Ce petit dérapage de Briac eut le mérite de calmer Nadine. Elle retrouva d'ailleurs totalement ses esprits quand elle aperçut Estéban, luminescent, quelques mètres en deçà.

— Il faut le suivre, affirma-t-elle.

Les deux autres se retinrent de lui signifier que de toute façon, ils n'avaient pas le choix. Le petit garçon, une nouvelle fois, les guidait vers un avenir incertain. Un halo de lumière épousait sa silhouette, ce qui permit au trio d'avancer d'un bon pas en évitant les pièges du sol. Ils débouchèrent assez rapidement dans une cavité circulaire, toute suintante de gouttelettes d'eau.

— Ça ne fait pas naturel, commenta Mélia. Les murs sont trop lisses et arrondis.

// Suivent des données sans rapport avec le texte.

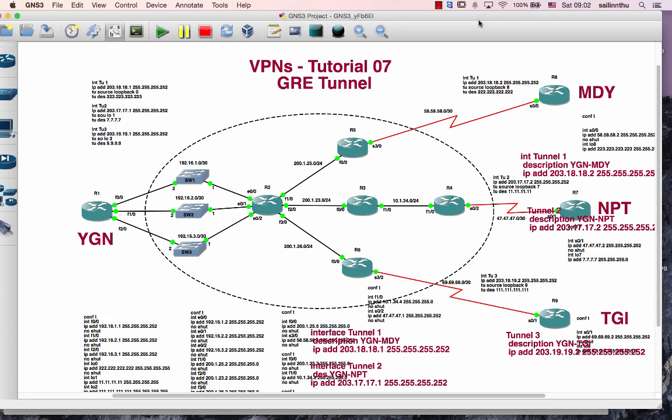Hello, welcome back everyone. VPN Tutorial 7. Tutorial 6 is the VPN channel, which I will show you in this video.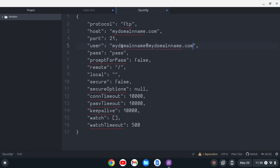You can change this when you create your FTP file or when you reconfigure it, and you can set your password, of course. Your password would be whatever your password is, something like password12345. Just kidding. That's not very secure. Come up with a secure password.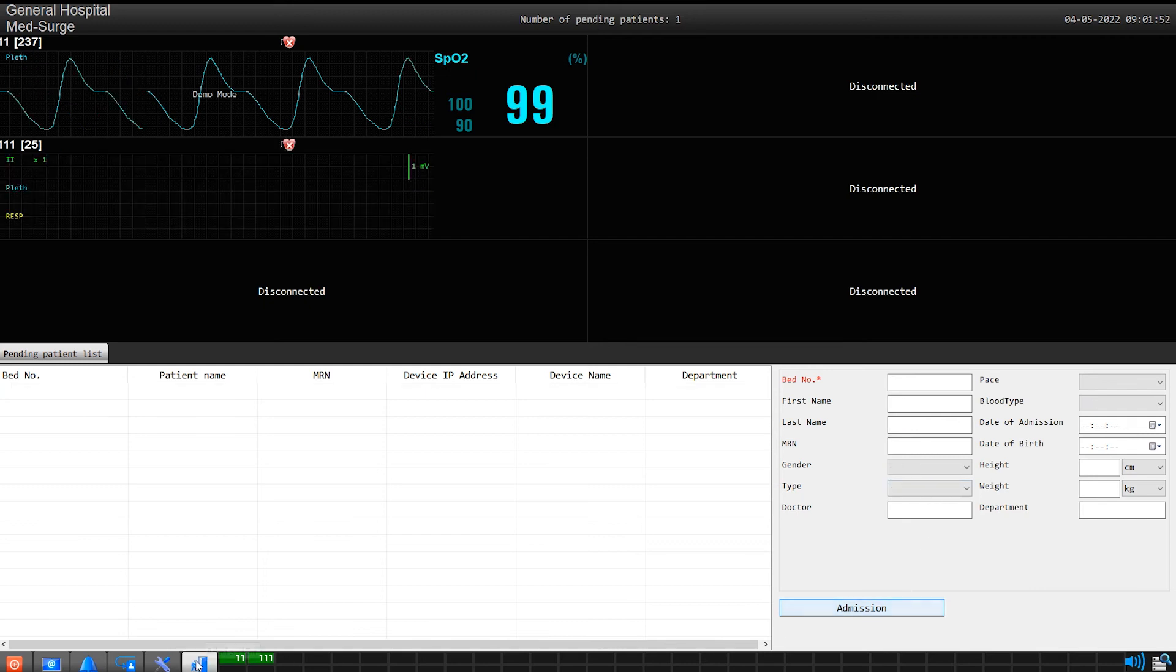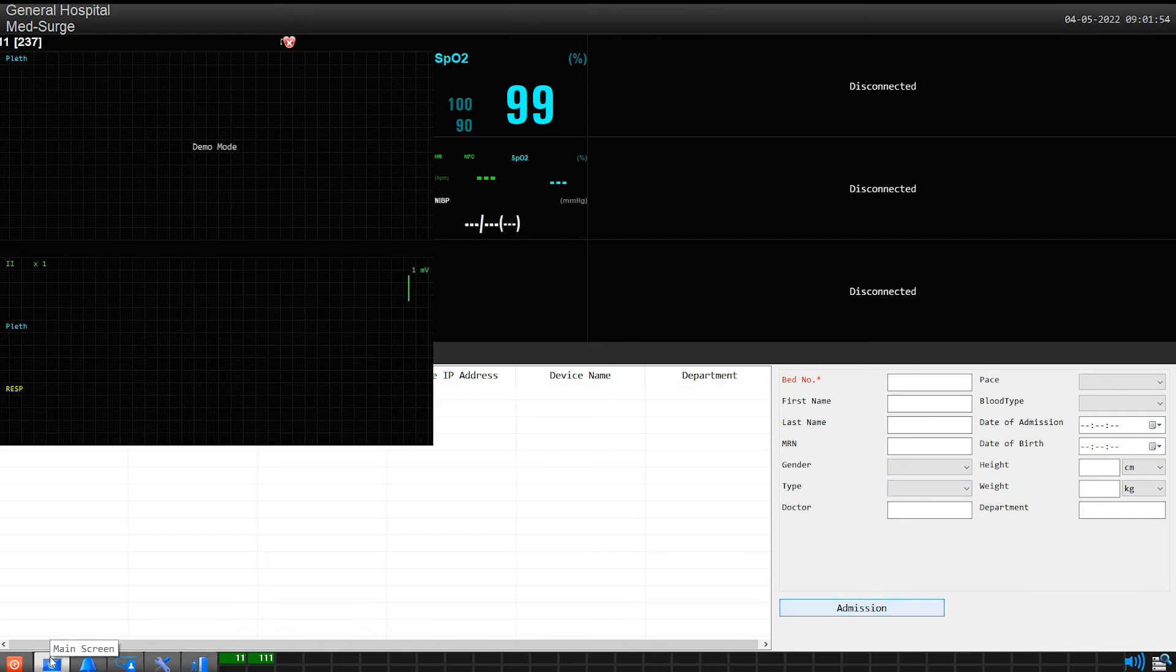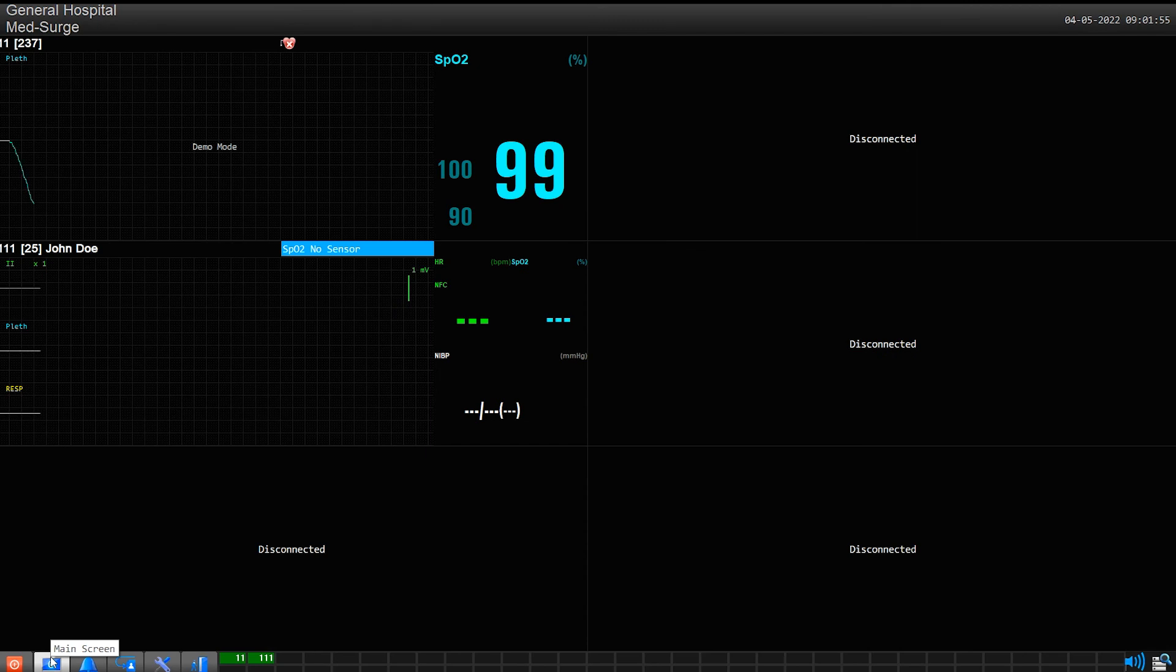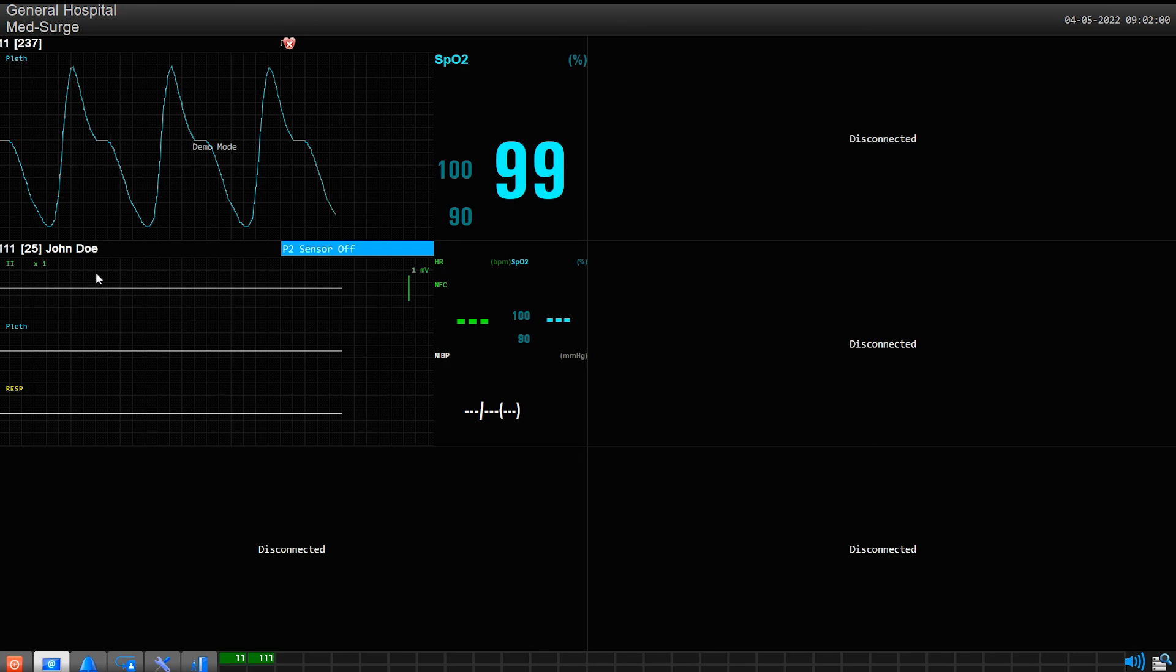The screen will now transition to main viewing status. You should see your patient appear on the screen. Your bedside monitor patient has now been admitted.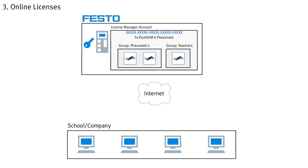This shows that you can switch flexibly between local activation and online use at any time. Therefore, you do not have to decide in advance how you want to use the licenses, but can always change this to suit your current requirements and also combine the various options with each other.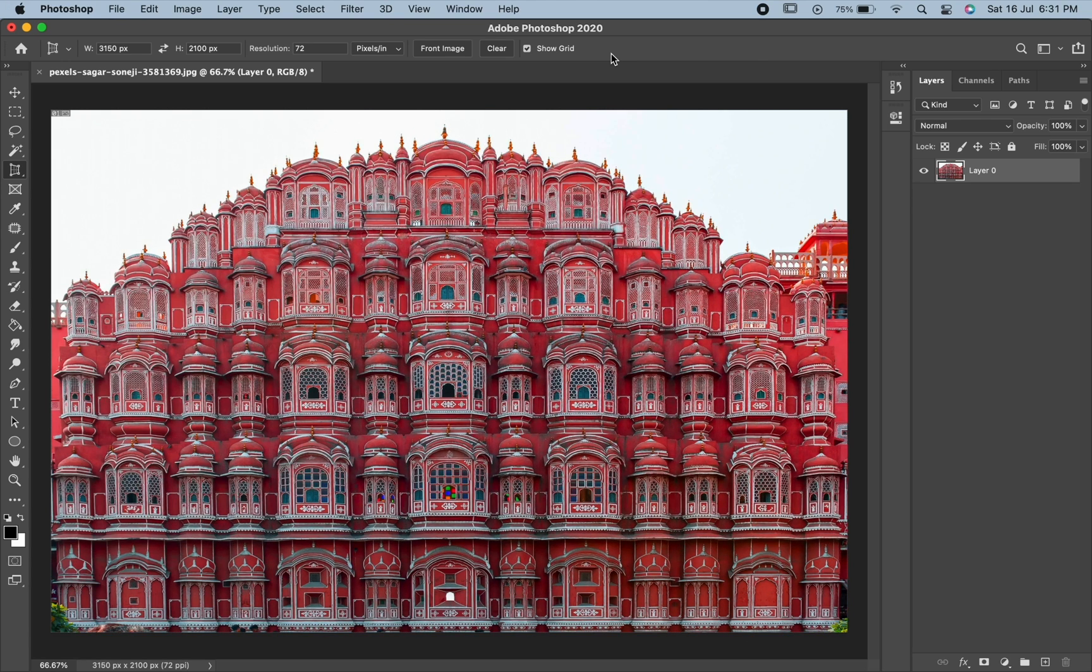In this way, you can crop an image which is in perspective in Photoshop. If you liked this video, please share and subscribe to our channel. Thank you.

On se croirait dans une géode.

— Regardez, il y a un socle de pierre avec des gravures, constata à son tour Briac.

Estéban se tenait bien droit juste à côté. Son corps irradiait suffisamment de lumière pour que le trio contemple l'entrelacs de sillons finement ciselés dans le granit.

— Qu'est-ce que c'est ? demanda Nadine en effleurant du bout des doigts les lignes délicates.

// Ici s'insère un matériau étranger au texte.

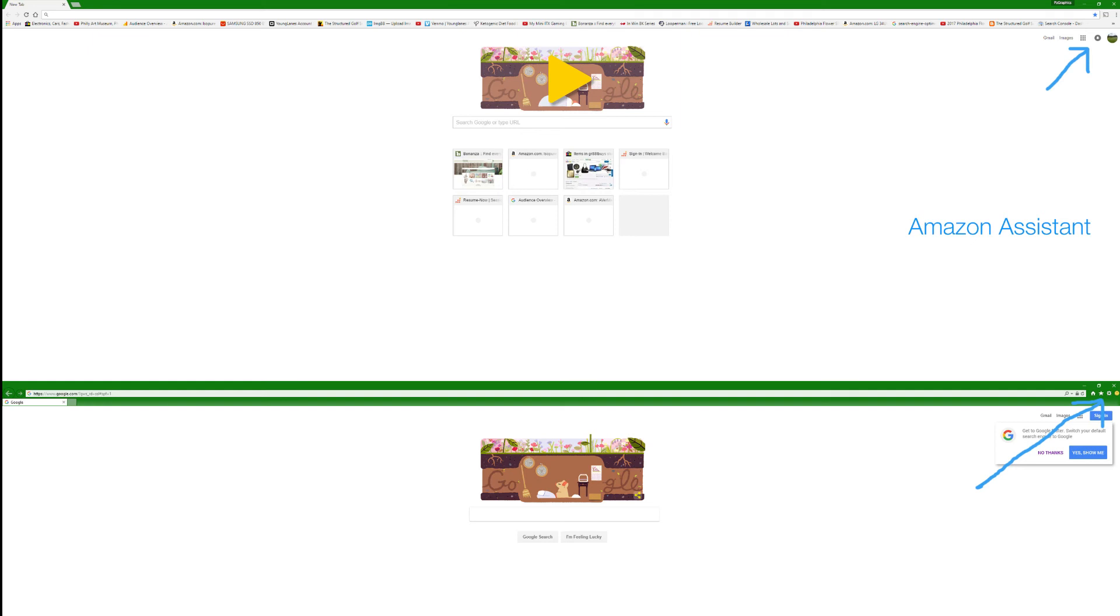So yeah, if you have the Amazon Assistant anywhere on your computer, look in the top right corner of your browsers. It'll be the little A, the little Amazon symbol, and it'll say Amazon Assistant.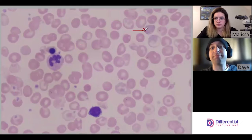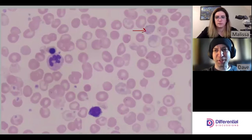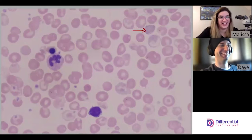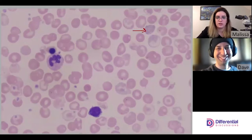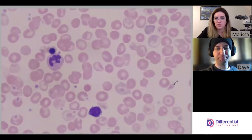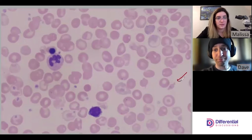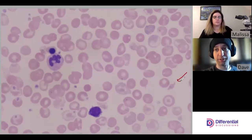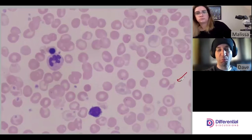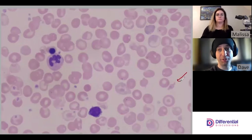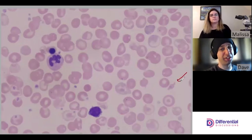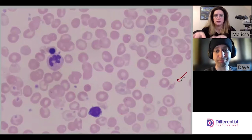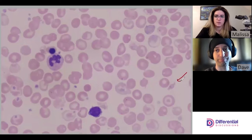This field just keeps giving — we're not even through all the morphology yet. We've got polychromasia, which are those stress reticulocytes coming out. And then there's a schistocyte — a cell fragment. One of the problems with thalassemia is the unused globin chains damage the red cell membrane, causing increased fragility and more schistocytes. This patient probably has a lot more schistocytes as we move around the slide.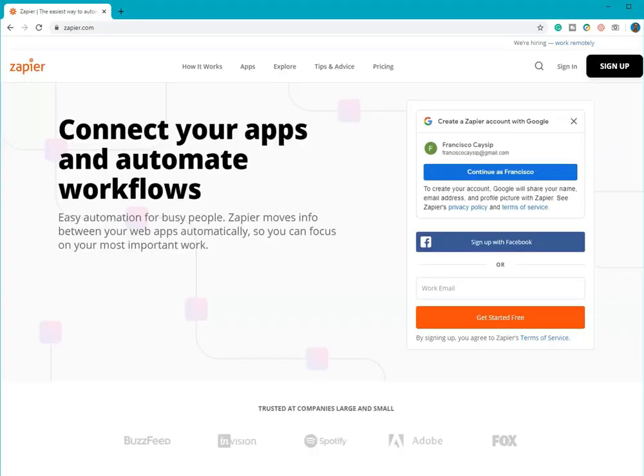This is my basic overview of Zapier. There are still many task automations that can be done with Zapier. We just cannot cover it all in this short review. Thank you for watching this video.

— Je ne sais pas, répliqua Mélia, mais j'ai déjà vu quelque chose comme ça...

— Ça ! exulta Briac en brandissant le cylindre. Regardez, ses bases reproduisent exactement le même dessin que sur cette roche.

Sans attendre l'assentiment de ses compagnes, il le plaça sur le socle, au centre, là où les formes s'épousaient parfaitement. Il y eut un déclic, comme ceux que Mélia avait pu entendre avant l'ouverture de chaque message, puis le cylindre se mit doucement à tourner sur lui-même. Les deux petites topazes qui ornaient les bases libérèrent de la lumière. Des images s'animèrent sur les murs lisses de la cavité. La multitude de gouttelettes d'eau qui les recouvraient créait une transparence rayonnante capable de rendre la profondeur de champ adéquate à une projection 3D.

Briac et Nadine, stupéfaits, avaient reculé de quelques pas. Au contraire, Mélia, avide de découvrir le nouveau message, s'était rapprochée d'Estéban et de la source émettrice.